Five Chinese firms launch Hong Kong IPOs in $5.6 billion rush
Five Chinese firms opened Hong Kong listings worth up to HK$44.1 billion, led by a $3.15 billion Luxshare deal and a market rebound.
Five Chinese technology and advanced manufacturing companies launched Hong Kong listings on June 30, seeking as much as HK$44.1 billion, or $5.6 billion, in one of the city’s busiest days for new share sales this year. The rush was led by Shenzhen-listed Apple supplier Luxshare Precision Industry, which was pursuing up to HK$24.27 billion, or $3.15 billion, in the largest deal of the group.
Luxshare said it was offering 383.5 million H shares at a maximum price of HK$63.28 each.
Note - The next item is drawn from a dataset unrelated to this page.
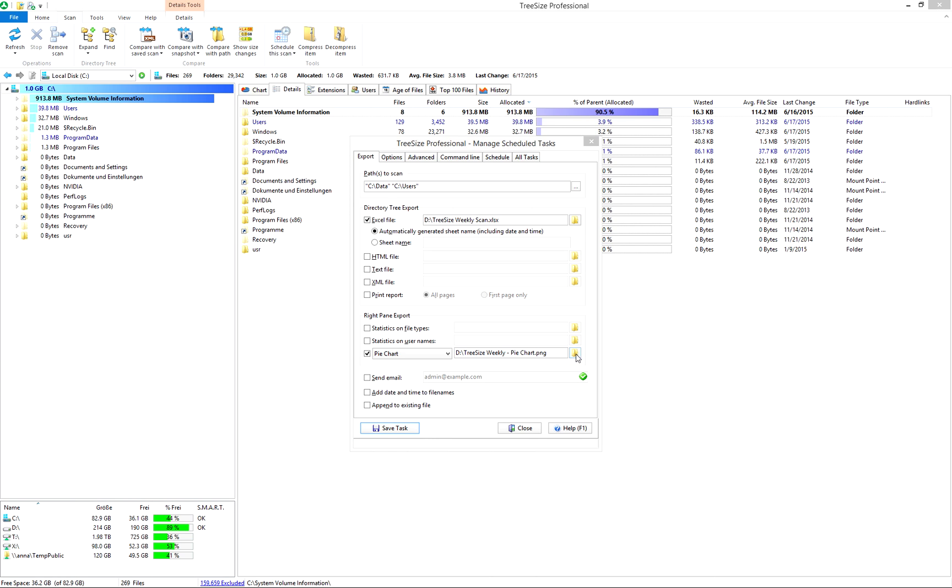Finally, it's time to enter the email address to which TreeSize shall send the results. Our scan is now prepared. Use the options menu to configure it further.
The final offer price was set for July 8, with trading expected to start on July 9. The company had been weighing a Hong Kong listing for more than a year, underscoring how large mainland manufacturers are still using the city to tap international capital even as access to Western markets has become more complicated.

The other deals stretch across the same industrial technology cluster that has dominated Hong Kong’s rebound. Nexchip Semiconductor was seeking up to HK$6.98 billion, or $890.3 million, while Guangdong Dtech Technology aimed to raise up to HK$4.80 billion. Chaozhou Three-Circle Group, a maker of small ceramic components used in phones, cars, data centres and telecom equipment, was targeting as much as $1 billion. ROKAE (Shandong) Robotics Group, the smallest of the five, was selling 23 million shares at HK$38 each to raise about HK$875 million.
The wave comes as investor demand for mainland technology, chip, electronics and robotics names has strengthened. A banker involved in the market said those sectors remain hot overseas and are also benefiting from policy support, while another warned that valuations can run ahead of fundamentals and post-listing trading can be volatile. The mix of companies seeking funds on June 30 shows how Hong Kong has become the preferred venue for Chinese industrial champions looking for fresh capital in a more selective global market.

The numbers back that up. LSEG data put new Hong Kong listings in the first half of 2026 at about $22.45 billion, nearly 57% higher than a year earlier and the strongest start to a year in five years. KPMG said Hong Kong raised HK$209.9 billion across 85 new listings in the first half of 2026, with 24 A+H listings and 13 specialist technology IPOs accounting for more than 70% of funds raised.

The momentum builds on a deeper shift in mainland fundraising. A separate market summary showed the number of mainland Chinese companies listing in Hong Kong rising from 30 in 2024 to 76 in 2025, while PwC said the city raised HK$107.1 billion through IPOs in the first half of 2025 alone. For China’s technology and advanced manufacturing groups, Hong Kong is regaining its role as the main offshore gateway for capital.